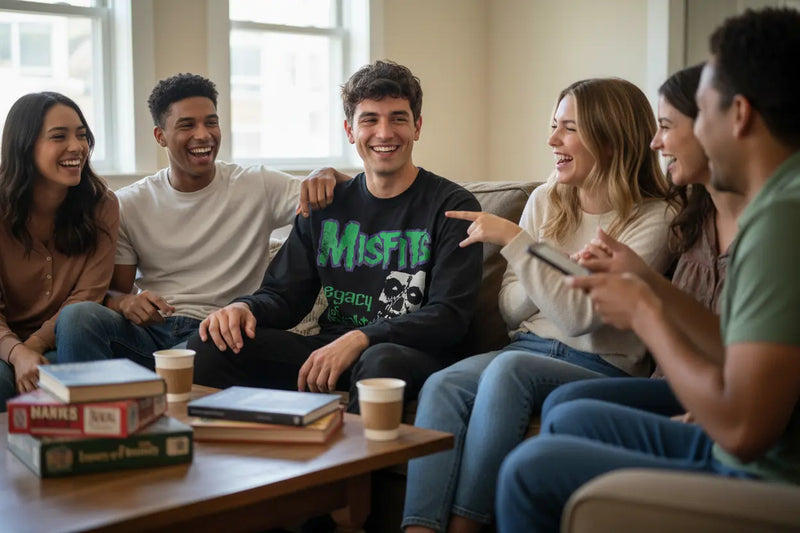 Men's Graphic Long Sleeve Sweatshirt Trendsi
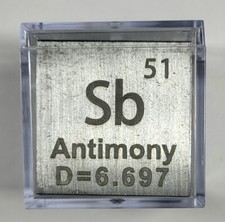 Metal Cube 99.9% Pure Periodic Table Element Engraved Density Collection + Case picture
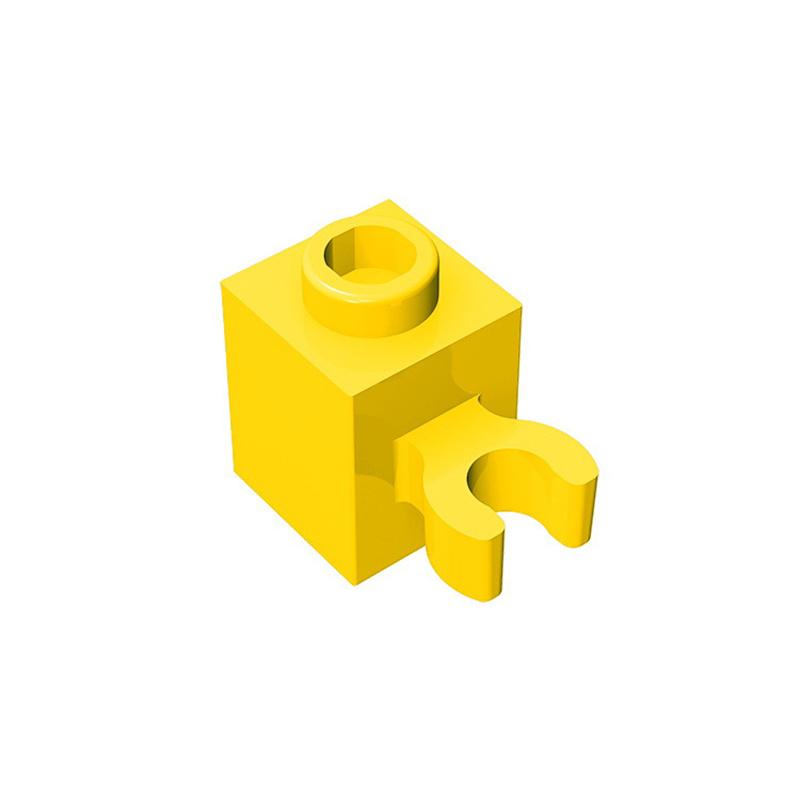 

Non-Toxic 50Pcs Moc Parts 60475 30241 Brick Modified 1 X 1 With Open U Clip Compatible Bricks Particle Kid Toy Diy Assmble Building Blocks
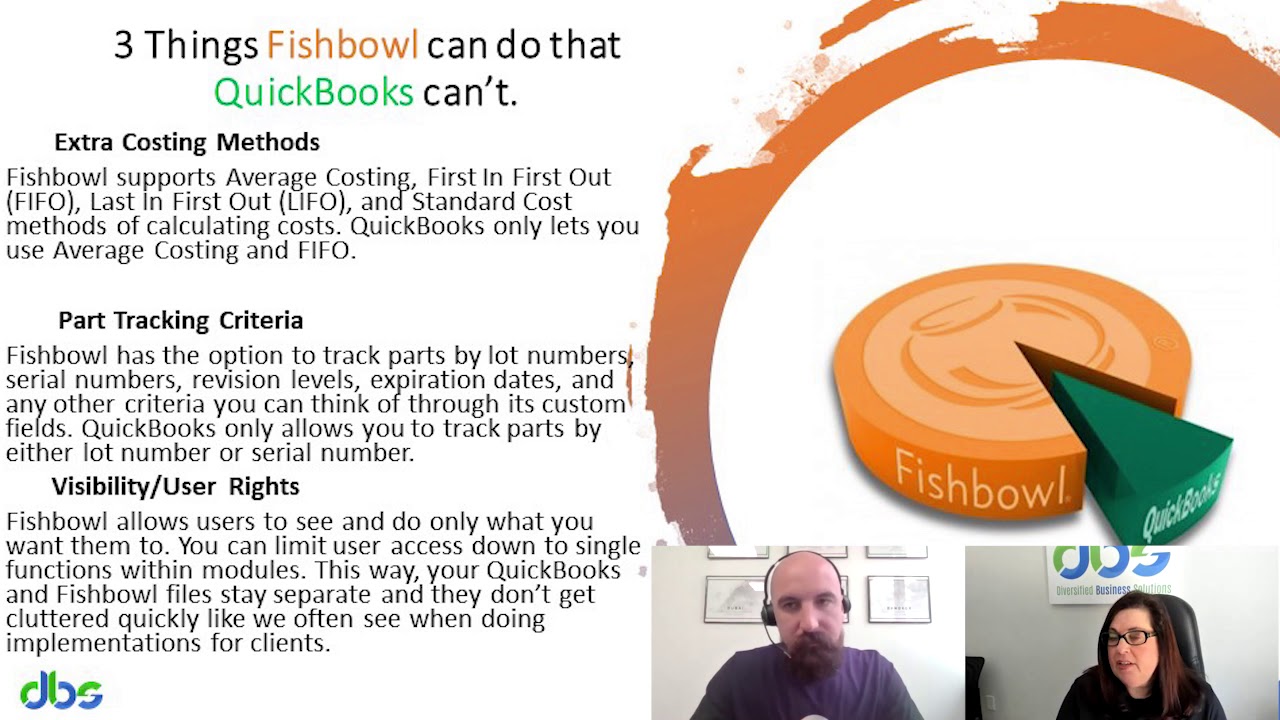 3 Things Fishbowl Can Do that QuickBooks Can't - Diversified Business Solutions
--
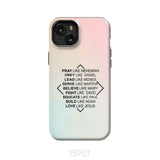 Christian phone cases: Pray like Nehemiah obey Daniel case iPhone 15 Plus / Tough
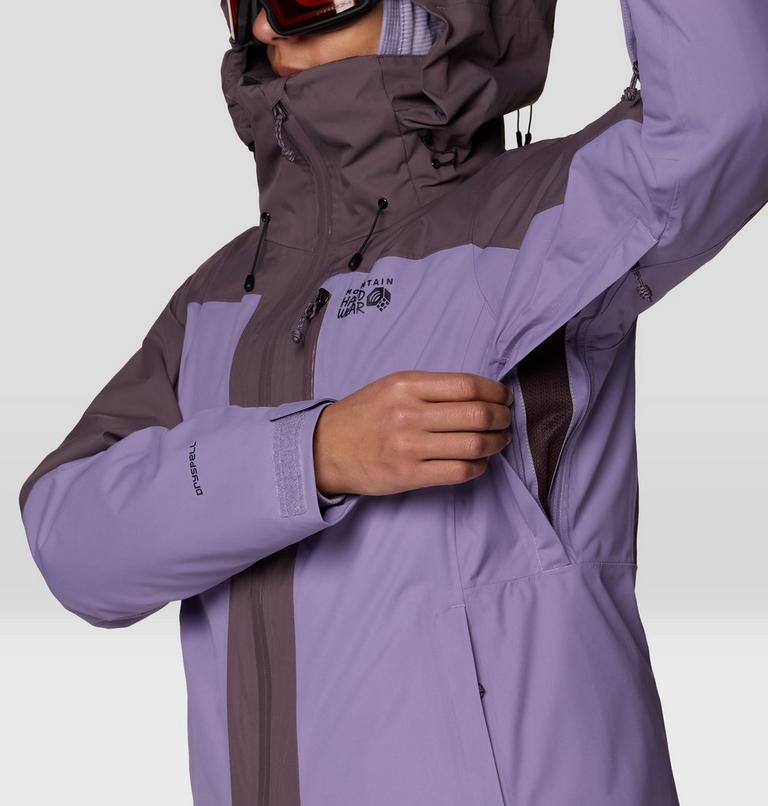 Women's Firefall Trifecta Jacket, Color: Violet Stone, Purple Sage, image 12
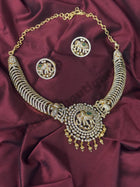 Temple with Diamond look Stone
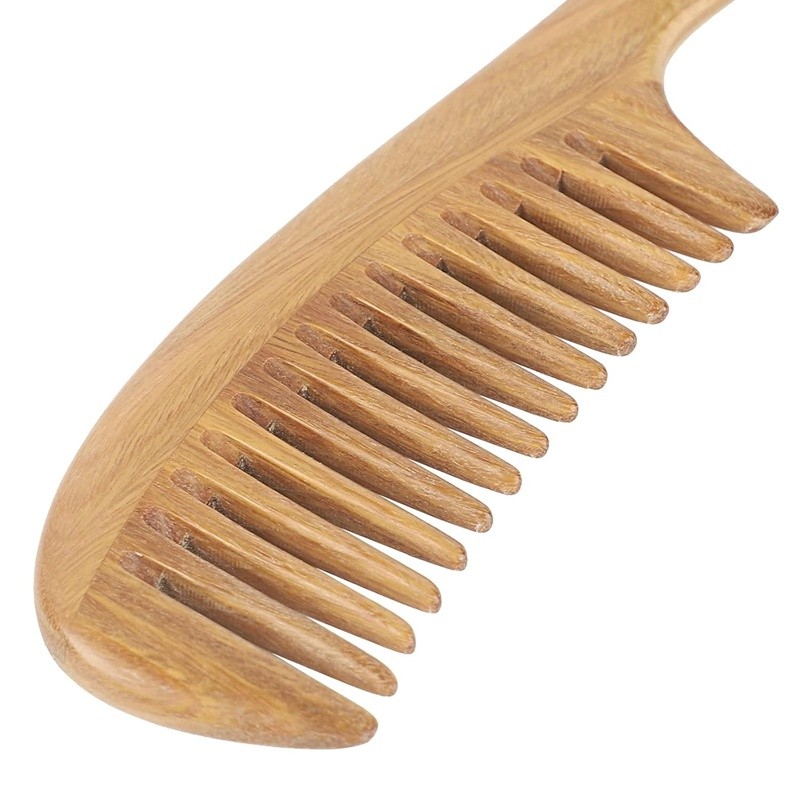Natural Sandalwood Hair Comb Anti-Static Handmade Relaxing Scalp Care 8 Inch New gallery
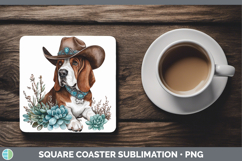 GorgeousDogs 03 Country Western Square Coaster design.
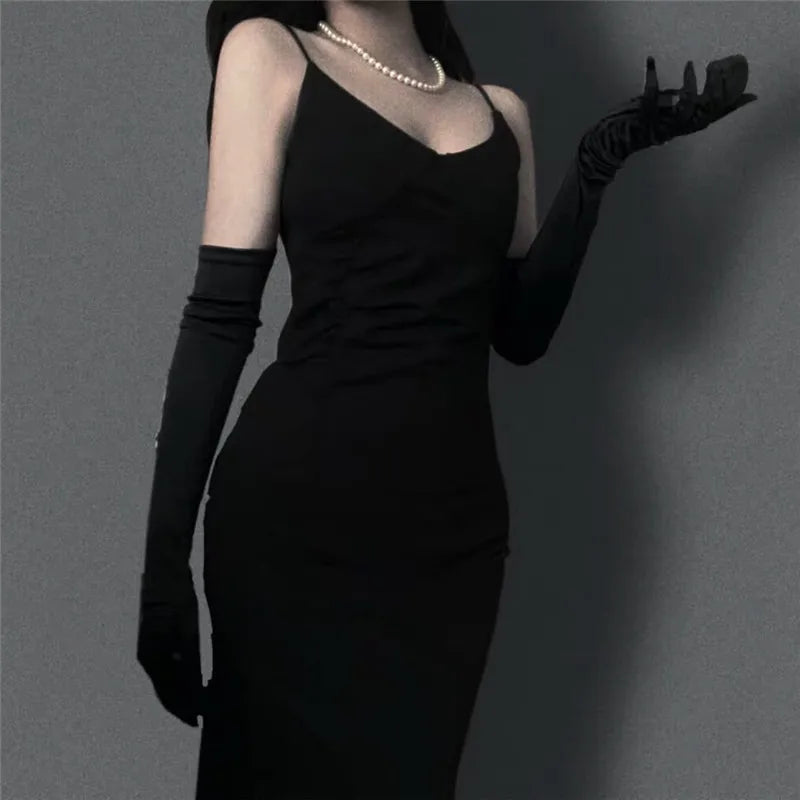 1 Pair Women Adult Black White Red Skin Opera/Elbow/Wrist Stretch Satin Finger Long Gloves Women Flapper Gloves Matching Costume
* * *
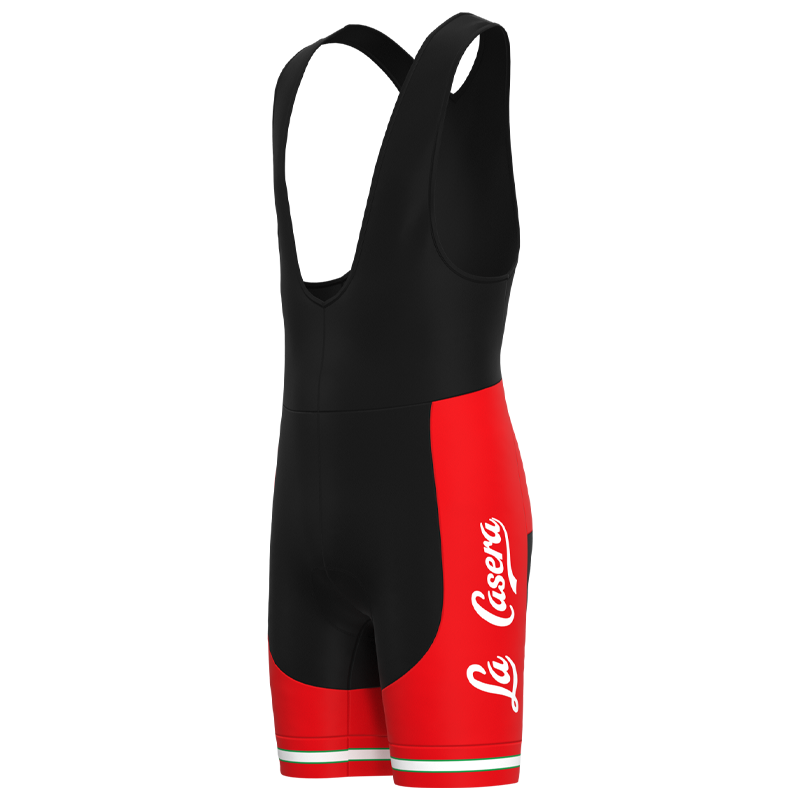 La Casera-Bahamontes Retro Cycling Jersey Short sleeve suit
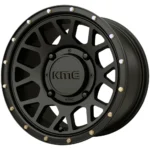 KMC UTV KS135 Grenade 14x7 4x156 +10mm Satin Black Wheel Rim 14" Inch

• **Assigned task**
Starting at the line above that has "Women's Firefall Trifecta" and ending at the line that has "1 Pair Women", copy each line exactly, leaving the pictures out and adding nothing.

• **Expected answer**
 Women's Firefall Trifecta Jacket, Color: Violet Stone, Purple Sage, image 12
 Temple with Diamond look Stone
Natural Sandalwood Hair Comb Anti-Static Handmade Relaxing Scalp Care 8 Inch New gallery
 GorgeousDogs 03 Country Western Square Coaster design.
 1 Pair Women Adult Black White Red Skin Opera/Elbow/Wrist Stretch Satin Finger Long Gloves Women Flapper Gloves Matching Costume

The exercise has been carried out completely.